[Opening RECORDS section]
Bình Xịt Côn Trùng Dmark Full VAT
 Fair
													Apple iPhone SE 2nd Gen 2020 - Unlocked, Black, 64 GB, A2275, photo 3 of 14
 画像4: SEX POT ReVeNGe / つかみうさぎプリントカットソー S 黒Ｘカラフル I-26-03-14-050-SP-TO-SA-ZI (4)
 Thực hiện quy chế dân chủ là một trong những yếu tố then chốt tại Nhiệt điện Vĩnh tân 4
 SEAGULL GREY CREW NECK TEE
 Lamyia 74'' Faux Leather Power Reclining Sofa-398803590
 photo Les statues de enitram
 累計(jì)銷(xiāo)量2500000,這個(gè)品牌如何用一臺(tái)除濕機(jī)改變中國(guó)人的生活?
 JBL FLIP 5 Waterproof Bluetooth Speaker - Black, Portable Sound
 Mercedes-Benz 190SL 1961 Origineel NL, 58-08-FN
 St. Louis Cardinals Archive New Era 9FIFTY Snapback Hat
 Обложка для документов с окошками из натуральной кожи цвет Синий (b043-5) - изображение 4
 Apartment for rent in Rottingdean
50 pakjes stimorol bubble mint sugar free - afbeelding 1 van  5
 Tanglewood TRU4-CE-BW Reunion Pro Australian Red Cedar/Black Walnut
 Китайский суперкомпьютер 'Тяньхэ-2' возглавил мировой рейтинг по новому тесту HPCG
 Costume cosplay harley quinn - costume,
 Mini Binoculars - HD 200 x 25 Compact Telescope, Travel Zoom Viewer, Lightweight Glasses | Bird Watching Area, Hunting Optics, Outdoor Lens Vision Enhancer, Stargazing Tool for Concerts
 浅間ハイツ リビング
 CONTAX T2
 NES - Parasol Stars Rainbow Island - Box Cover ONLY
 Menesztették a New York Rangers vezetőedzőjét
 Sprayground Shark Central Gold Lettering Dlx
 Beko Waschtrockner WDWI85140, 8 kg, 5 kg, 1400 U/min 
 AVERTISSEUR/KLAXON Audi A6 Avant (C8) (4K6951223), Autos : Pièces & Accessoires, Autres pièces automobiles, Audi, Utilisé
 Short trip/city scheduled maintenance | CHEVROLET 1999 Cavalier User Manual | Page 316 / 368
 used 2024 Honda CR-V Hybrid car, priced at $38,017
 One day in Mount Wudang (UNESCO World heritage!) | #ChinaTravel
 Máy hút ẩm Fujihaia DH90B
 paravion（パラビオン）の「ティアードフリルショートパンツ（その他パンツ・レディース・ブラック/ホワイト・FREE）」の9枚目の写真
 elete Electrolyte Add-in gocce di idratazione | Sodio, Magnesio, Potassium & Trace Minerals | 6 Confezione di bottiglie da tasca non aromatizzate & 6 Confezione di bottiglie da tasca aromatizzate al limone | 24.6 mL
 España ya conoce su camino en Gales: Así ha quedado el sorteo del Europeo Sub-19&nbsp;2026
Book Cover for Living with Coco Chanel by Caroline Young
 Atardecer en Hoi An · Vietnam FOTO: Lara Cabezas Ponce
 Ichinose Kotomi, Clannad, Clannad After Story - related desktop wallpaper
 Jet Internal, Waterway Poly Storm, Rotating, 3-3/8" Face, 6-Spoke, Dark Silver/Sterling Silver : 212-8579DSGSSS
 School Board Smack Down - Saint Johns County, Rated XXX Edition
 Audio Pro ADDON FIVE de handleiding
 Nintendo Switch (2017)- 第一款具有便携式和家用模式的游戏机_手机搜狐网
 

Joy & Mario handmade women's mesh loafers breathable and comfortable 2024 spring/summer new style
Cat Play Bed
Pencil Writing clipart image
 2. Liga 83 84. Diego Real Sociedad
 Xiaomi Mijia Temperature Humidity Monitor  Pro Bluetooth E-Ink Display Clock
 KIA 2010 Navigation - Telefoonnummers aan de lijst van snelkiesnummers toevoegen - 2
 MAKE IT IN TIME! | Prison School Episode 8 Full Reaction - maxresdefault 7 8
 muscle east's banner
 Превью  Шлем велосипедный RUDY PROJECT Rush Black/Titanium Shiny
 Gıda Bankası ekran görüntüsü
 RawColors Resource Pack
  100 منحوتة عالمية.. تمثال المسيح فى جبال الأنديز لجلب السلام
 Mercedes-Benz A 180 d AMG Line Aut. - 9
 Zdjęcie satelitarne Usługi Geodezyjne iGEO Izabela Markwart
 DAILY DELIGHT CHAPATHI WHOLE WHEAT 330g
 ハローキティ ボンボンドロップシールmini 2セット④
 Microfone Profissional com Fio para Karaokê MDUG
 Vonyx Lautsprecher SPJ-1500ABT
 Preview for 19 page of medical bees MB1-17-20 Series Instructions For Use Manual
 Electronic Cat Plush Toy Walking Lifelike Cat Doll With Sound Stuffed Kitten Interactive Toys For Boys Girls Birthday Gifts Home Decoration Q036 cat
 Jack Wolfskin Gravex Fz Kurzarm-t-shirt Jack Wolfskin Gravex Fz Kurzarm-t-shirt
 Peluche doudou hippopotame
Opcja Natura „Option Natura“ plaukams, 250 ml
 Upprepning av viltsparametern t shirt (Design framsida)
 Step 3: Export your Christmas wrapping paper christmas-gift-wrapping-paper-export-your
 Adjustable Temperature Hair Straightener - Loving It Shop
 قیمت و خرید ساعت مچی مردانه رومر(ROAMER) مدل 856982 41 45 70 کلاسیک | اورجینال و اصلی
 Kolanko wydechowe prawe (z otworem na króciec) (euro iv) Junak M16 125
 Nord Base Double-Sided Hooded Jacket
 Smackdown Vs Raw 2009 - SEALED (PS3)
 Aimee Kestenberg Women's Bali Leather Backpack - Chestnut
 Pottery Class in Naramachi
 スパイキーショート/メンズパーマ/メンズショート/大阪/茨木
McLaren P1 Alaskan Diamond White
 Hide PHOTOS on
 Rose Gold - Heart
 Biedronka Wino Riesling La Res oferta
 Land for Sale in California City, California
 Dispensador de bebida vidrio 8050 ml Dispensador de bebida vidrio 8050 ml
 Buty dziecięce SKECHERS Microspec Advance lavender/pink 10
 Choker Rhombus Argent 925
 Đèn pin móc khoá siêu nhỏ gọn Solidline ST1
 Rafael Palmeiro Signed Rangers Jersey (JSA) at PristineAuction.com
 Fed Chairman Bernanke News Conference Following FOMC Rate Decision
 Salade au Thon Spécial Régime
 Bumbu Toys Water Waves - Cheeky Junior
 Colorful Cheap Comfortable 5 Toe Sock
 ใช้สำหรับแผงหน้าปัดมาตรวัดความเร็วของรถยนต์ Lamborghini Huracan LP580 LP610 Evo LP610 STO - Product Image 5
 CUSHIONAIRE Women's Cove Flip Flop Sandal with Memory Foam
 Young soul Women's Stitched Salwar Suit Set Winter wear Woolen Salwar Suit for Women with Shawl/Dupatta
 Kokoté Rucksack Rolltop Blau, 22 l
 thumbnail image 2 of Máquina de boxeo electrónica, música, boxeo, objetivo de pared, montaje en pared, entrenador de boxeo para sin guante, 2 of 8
[Closing RECORDS section]
■ ASSIGNED TASK
Copying should begin at the line containing "Buty dziecięce SKECHERS" and end at the last line of the material, with every line in between reproduced exactly.

■ SOLUTION FOR THIS PROBLEM
 Buty dziecięce SKECHERS Microspec Advance lavender/pink 10
 Choker Rhombus Argent 925
 Đèn pin móc khoá siêu nhỏ gọn Solidline ST1
 Rafael Palmeiro Signed Rangers Jersey (JSA) at PristineAuction.com
 Fed Chairman Bernanke News Conference Following FOMC Rate Decision
 Salade au Thon Spécial Régime
 Bumbu Toys Water Waves - Cheeky Junior
 Colorful Cheap Comfortable 5 Toe Sock
 ใช้สำหรับแผงหน้าปัดมาตรวัดความเร็วของรถยนต์ Lamborghini Huracan LP580 LP610 Evo LP610 STO - Product Image 5
 CUSHIONAIRE Women's Cove Flip Flop Sandal with Memory Foam
 Young soul Women's Stitched Salwar Suit Set Winter wear Woolen Salwar Suit for Women with Shawl/Dupatta
 Kokoté Rucksack Rolltop Blau, 22 l
 thumbnail image 2 of Máquina de boxeo electrónica, música, boxeo, objetivo de pared, montaje en pared, entrenador de boxeo para sin guante, 2 of 8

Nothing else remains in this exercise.